### Assigned task
Please show every line from the entries that carries the word "with".

### Data for review

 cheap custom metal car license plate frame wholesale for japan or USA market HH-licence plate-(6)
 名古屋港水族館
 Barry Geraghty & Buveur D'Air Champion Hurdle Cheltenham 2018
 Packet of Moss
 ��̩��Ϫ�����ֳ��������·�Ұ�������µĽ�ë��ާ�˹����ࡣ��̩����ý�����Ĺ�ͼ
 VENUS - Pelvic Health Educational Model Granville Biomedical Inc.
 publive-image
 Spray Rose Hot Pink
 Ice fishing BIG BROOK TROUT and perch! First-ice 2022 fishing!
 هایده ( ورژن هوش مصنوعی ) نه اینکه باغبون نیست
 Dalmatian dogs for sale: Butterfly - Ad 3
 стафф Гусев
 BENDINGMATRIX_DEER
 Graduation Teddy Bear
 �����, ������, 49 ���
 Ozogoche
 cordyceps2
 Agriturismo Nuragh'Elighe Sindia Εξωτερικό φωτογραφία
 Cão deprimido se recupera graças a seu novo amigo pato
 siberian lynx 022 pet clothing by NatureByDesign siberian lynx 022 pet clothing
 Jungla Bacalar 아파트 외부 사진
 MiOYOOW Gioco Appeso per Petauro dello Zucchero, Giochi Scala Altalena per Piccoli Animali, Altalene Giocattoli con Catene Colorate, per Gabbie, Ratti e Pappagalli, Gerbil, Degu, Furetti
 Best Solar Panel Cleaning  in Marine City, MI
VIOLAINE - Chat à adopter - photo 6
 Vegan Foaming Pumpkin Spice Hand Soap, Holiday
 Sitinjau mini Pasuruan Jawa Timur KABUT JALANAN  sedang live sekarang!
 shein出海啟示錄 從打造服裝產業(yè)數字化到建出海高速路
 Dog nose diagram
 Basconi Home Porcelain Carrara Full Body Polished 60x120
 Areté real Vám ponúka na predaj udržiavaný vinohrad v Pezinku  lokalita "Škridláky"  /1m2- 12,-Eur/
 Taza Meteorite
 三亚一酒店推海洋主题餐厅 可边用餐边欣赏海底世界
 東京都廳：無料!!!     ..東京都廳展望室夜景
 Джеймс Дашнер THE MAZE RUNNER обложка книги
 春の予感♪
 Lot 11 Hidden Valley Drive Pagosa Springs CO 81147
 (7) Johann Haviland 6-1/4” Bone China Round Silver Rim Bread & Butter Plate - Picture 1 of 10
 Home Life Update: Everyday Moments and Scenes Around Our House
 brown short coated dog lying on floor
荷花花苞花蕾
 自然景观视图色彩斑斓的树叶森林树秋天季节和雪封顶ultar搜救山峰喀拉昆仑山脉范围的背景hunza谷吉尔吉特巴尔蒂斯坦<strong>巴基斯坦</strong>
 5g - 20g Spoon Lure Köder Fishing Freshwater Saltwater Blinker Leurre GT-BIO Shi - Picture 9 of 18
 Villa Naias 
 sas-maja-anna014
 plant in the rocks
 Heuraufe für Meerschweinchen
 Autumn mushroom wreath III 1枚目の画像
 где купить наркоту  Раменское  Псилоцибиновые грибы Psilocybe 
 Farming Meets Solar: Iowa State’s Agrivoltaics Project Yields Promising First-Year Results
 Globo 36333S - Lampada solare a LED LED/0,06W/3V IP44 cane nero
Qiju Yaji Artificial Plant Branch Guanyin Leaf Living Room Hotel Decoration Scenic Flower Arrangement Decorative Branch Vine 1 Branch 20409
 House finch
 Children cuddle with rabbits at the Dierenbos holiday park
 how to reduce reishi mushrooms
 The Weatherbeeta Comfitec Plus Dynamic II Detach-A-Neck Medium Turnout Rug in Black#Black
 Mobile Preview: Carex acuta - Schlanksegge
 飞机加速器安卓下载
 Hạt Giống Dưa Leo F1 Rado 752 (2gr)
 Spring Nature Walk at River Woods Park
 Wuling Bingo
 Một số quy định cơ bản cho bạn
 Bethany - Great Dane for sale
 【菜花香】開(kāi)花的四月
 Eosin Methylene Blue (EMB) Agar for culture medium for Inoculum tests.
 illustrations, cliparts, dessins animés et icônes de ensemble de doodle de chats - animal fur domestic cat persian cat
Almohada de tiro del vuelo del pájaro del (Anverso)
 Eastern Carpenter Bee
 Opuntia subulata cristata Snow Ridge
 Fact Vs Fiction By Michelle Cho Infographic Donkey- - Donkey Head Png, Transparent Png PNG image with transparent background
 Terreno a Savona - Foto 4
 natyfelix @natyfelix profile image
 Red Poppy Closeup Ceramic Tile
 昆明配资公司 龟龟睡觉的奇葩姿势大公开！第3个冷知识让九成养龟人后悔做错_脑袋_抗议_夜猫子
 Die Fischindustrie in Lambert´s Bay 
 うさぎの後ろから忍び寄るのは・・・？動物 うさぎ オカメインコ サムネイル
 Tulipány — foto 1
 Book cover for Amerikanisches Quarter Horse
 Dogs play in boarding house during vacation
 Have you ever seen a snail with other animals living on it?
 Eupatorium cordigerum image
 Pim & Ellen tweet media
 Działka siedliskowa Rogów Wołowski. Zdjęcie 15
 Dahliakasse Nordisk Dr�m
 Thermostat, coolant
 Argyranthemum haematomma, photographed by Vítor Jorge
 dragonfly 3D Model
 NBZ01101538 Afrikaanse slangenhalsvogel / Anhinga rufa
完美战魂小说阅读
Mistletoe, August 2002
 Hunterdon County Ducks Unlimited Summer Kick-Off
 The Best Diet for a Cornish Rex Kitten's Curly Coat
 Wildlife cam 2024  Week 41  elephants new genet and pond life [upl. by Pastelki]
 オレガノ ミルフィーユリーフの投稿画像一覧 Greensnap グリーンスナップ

### Solution to this problem
 Children cuddle with rabbits at the Dierenbos holiday park
 Fact Vs Fiction By Michelle Cho Infographic Donkey- - Donkey Head Png, Transparent Png PNG image with transparent background
 Have you ever seen a snail with other animals living on it?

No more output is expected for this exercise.